I’ve been using Vista in one edition or another since April 2007 and did some of the early beta testing. Largely, I’m pleased with it, even in the face of some pretty bad experiences last year, resolved thanks to Dell a few months ago.
Yet lots of people have nothing good to say about Windows Vista. Anecdotally, I hear horror stories usually accompanied by good-news stories about how Windows XP is better (plus of course the usual recommendations to get a Mac).
My wife’s a good example, recounting views she’s read online about how awful Vista is and offering opinions like “Over my dead body will Vista be on my PC!” (she’s an XP diehard).
And how do you keep up your positive outlook when you add into the picture facts that some vendors will sell you a brand new PC with XP, not Vista, if you wish? Hardly a vote of confidence.
So what is the ‘good news about Vista’ section on Microsoft’s website hoping to achieve?
Ed Bott reckons it’s part of a multi-million-dollar advertising campaign Microsoft is starting to improve perceptions about the company itself as well as those surrounding Windows Vista.
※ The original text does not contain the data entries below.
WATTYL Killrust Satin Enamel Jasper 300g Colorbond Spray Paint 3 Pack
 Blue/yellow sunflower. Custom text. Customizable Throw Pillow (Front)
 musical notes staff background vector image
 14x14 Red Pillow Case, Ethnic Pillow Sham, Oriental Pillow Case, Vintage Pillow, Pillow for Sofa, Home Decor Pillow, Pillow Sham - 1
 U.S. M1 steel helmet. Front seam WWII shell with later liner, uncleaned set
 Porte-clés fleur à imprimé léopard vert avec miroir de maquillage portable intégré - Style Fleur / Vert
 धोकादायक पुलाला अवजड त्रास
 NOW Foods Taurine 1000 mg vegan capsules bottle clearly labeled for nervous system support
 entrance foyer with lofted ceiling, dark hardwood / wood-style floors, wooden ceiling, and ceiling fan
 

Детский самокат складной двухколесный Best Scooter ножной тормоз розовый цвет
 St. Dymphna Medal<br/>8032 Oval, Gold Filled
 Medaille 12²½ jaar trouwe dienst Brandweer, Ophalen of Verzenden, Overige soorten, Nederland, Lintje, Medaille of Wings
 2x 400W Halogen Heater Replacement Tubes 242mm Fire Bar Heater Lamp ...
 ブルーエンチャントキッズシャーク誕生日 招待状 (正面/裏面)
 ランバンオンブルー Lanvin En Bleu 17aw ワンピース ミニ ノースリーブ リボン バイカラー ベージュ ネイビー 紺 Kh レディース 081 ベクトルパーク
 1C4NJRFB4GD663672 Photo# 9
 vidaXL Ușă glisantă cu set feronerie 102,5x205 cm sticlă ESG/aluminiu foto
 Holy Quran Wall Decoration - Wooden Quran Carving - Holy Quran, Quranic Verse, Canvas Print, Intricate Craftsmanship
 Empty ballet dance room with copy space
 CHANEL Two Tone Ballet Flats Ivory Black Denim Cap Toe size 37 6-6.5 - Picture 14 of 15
He comments on some of the text in that section and adds what I think is the most pertinent view:
[...] The real hard work begins with the messages that immediately follow this one. Microsoft has to identify the real benefits in Windows Vista and communicate them clearly and crisply. That’s not going to be any easy task.
Hmm, I’d agree with that. I don’t think an ad campaign alone is going to do the trick, though, so I’d be very surprised if this were the only traditional communication activity Microsoft is planning.
Microsoft also needs to get into the hearts of users, not only the fans of Vista but also those who use it and say they don’t like it. I could see micro-campaigns market per market, identifying influencers and reaching out to them.
What social media is designed for, in fact.